Water is a huge part of recovery and is at least as important as the food you eat. Water replenishes lost fluids, without which your muscles cramp – and will continue to cramp until you top off. Perhaps the single biggest mistake many riders make is the failure to replace the fluid losses associated with exercise. Rapid skin evaporation decreases the sense of perspiring and gives a false sense of minimal fluid loss (even though sweat production and insensible loss through the lungs can easily exceed 2 quarts per hour). For a successful ride, it is essential that you start off adequately hydrated and that fluid replacement begin early and is continued on a regular basis. Start drinking before your ride then drink at least one 16 ounce bottle per hour during the ride, and drink after training to avoid dehydration.
Eating and drinking every hour of the ride is important to avoid energy loss, and keeps recovery to a minimum. Keep your body fueled at all times or risk running out of gas – when you bonk hard it takes a long time to get back to normal, as much as two weeks. Keep up during the ride with whatever food you like — energy bars or drinks, fruit or bagels. I like Gu, fruit (bananas, oranges), nuts, potato chips (for the salt cravings), jerky and licorice. For meals during the ride I like things like tuna or egg salad sandwiches, peanut butter or boiled potatoes and chicken breast – depends how long I am actually out there.
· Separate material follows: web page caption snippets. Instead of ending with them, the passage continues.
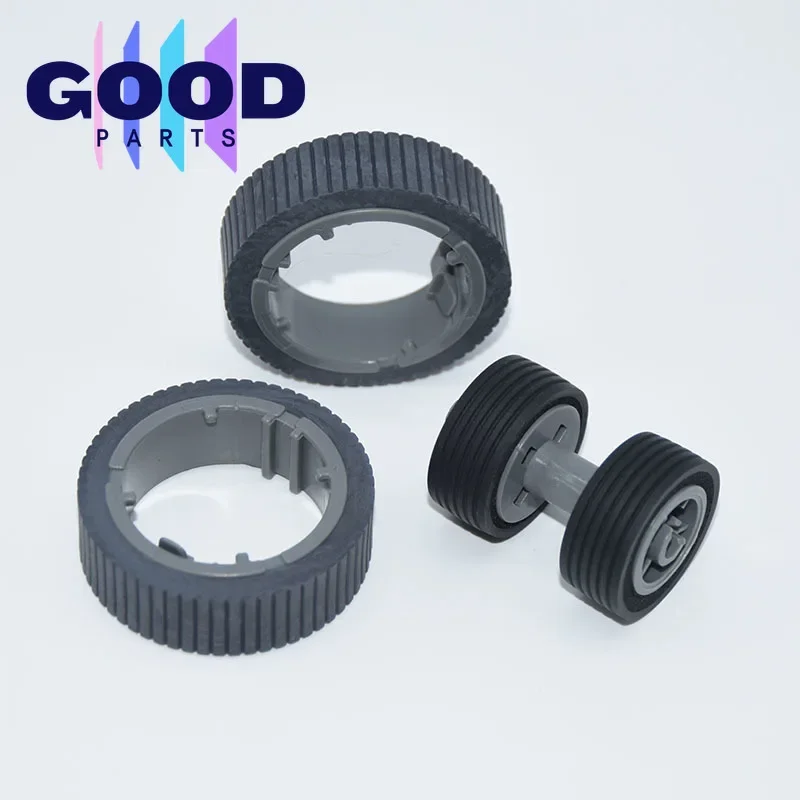 5 SETS PA03670-0001 PA03670-0002 Pickup Rem Roller voor Fujitsu fi-7160 fi-7180 fi-7260 fi-7280 fi-7300NX fi-7140 fi-7240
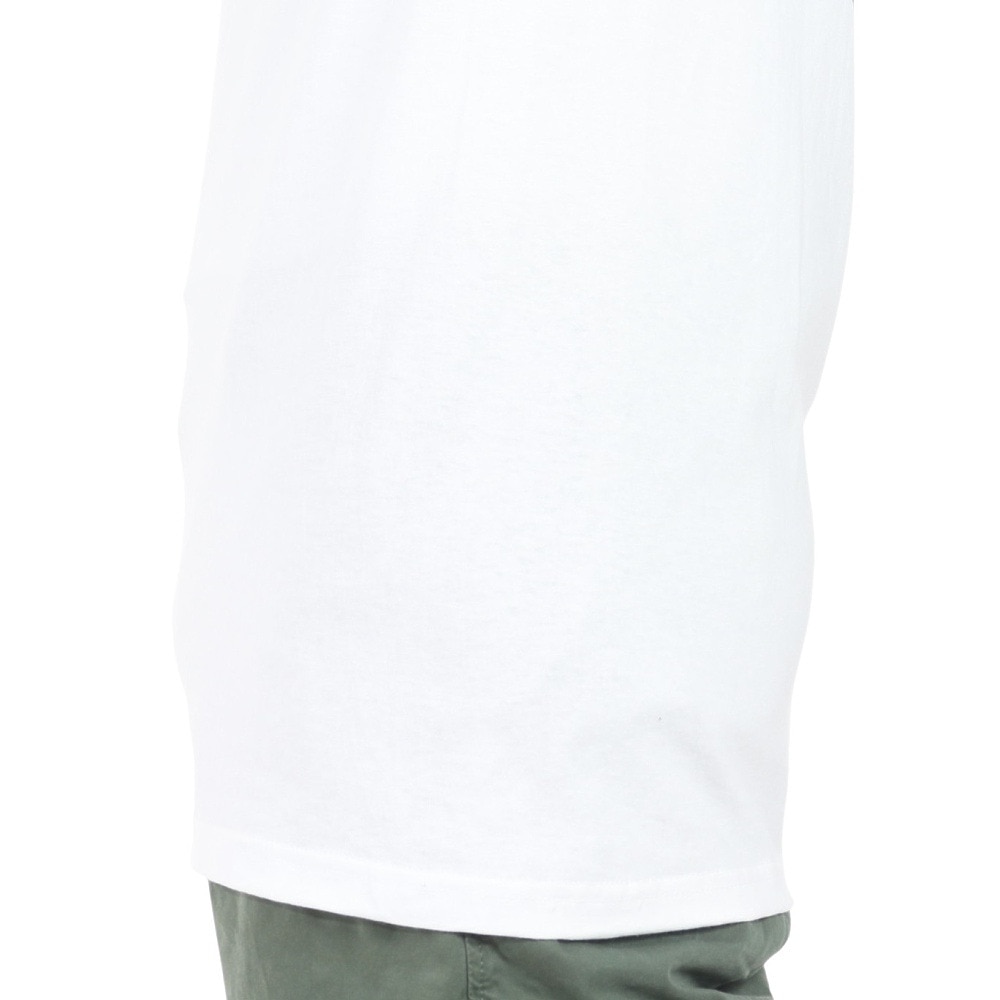 オベイ（OBEY）（メンズ）DOUBLE VISION CLASSIC Tシャツ 165263797WHTO24U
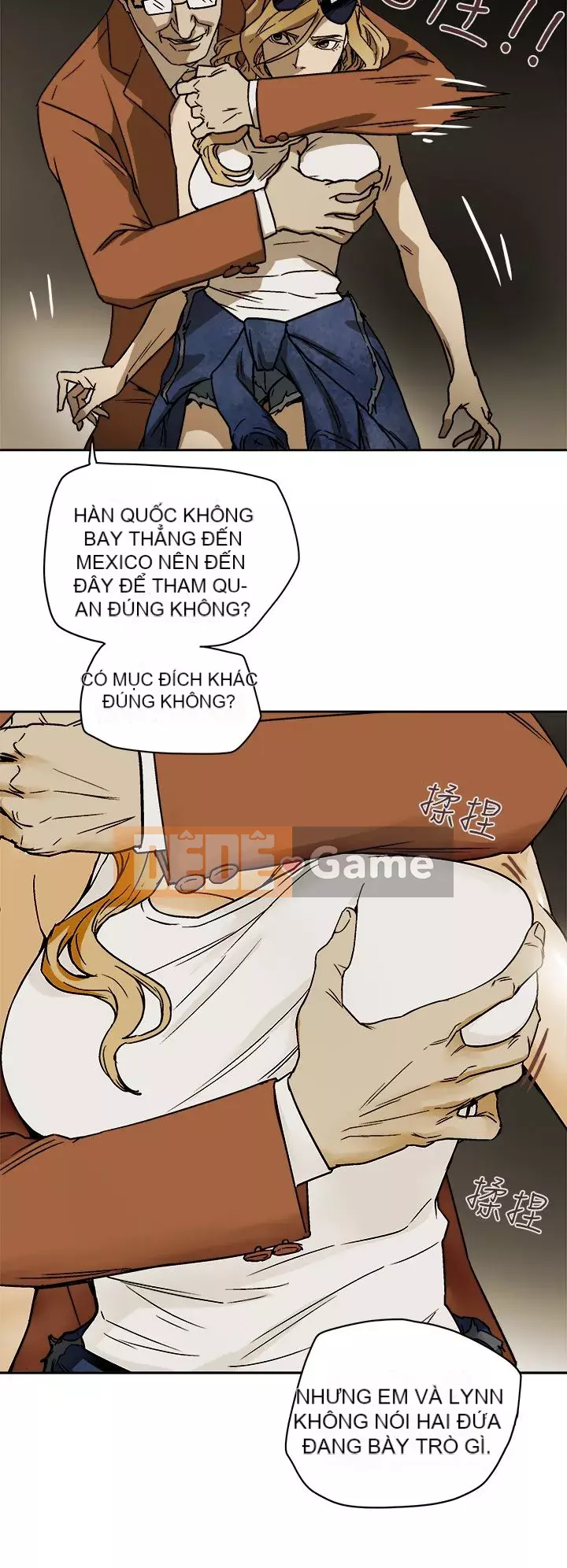 Em yêu - cái bẫy Cái bẫy ngọt ngào Chương 1-102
Make sure you get plenty of sleep and rest. The body does most of its muscle repair when you’re sleeping.
I find that if I try to put more energy into taking care of myself…the rider – that I can then in turn stay more focused and attentive to my horse during a ride. If I can’t take care of myself then I won’t do a very good job of the same where the horse is concerned.
What I Really Ate and Drank
On the 100 I just did at 20 Mule Time, this is what I ate:
Chocolate breakfast drink
Snacks and drinks on trail:
GU (several throughout the day)
Chocolate almond candybar
Vet check, first hour hold, 36 miles:
Vet check, second hour hold, 65 miles:
Ham and Cheese
Various vet checks:
Additional snacks: potato chips, candy, whatever might have been offered
I also took Redmond Re-Lyte electrolyte capsules consistently throughout the day and they helped me keep my electrolytes up – I felt great!